This colleague and several others didn’t have cars. They lived in the city and took the metro everywhere. Sometimes buses. How to explain how terrifying I found that idea, and how alluring? My first boyfriend had lived in DC, a few blocks away from Union Station; he was also one of those Urban Metro People. I had a rattly Nissan with North Carolina plates and didn’t mind driving four hours up I-95 to see him on weekends. I was this semi-feral young blond thing with a twangy Southern accent. My four-letter words had two syllables. The boyfriend and his friends cared less about what I had to say than how I sounded when I said it. After dinners out, I’d amuse everyone present by gawking at the cityscape around us. I wanted to erase myself. I also wanted to carry on being exactly who I was.

The entire time I lived in DC, I was always on the Red Line: first the terrible flat I found in Silver Spring. Located in a quiet residential area and walkable to nothing, the place had exactly three things going for it: parking, parquet floors, and cheap rent. Silver Spring was a drab edge city then: a cluster of of office buildings, a supermarket, not much else. Like me, it wanted to be more urban than it was. But my next-door neighbor played reggae so loud the walls shook. She would shout at me when I knocked on her door and asked her to please turn it down. Then the house up near Wheaton I rented with a friend from college, a crunchy-granola art chick who confessed when we were high one night that she had once come home from a camping trip and found ants in a box of cereal she hadn’t sealed properly before leaving. There was nothing else to eat and she was hungry, so she poured herself a bowl and chowed down, bugs and all. No surprise then that she didn’t believe in flea collars: her two indoor-outdoor cats bred a nightmare infestation. We had to spray our legs with Off when we got home from work and finally bug-bombed the place when I found fleas in my bed. Then the Dupont Circle condo I shared with a Taiwanese partner a decade older than myself: he was something of a hoarder and running out of time on his student visa, and he sure knew how to forge a signature on a check.

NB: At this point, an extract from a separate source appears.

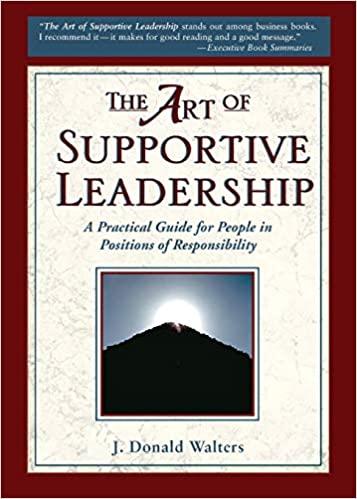 the art of supportive leadership 1st edition j. donald walters 1565891406, 978-1565891401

Later, the flat on 16th Street across from Meridian Hill Park that was, if I’m honest, the first place I genuinely liked. Except for the cockroaches.

My transit-oriented personal development didn’t seem to be working out. Truth be told, it was usually faster just to drive—even when it meant I had to hunt for street parking in the city center. DC was less congested then, everywhere was, and I needed the car for work. As an ASL interpreter, I might have two or three assignments during the day. The urban metro jobs went to the Urban Metro People, and those of us with cars typically got the assignments out in the suburban office parks not served by public transport, in places like Gaithersburg, Reston, and Laurel. And on a personal note, I kept not turning into the sort of urban sophisti-fag I had expected to become. Despite a succession of improvements to the stations I called home, I was always mindful of the gap. I was always the guy living a long hike from the station, verging on broke, gazing at the houses and old buildings I passed, unable to afford something better, closer. Struggling, and resenting it; driving, and praying my car wouldn’t break expensively down.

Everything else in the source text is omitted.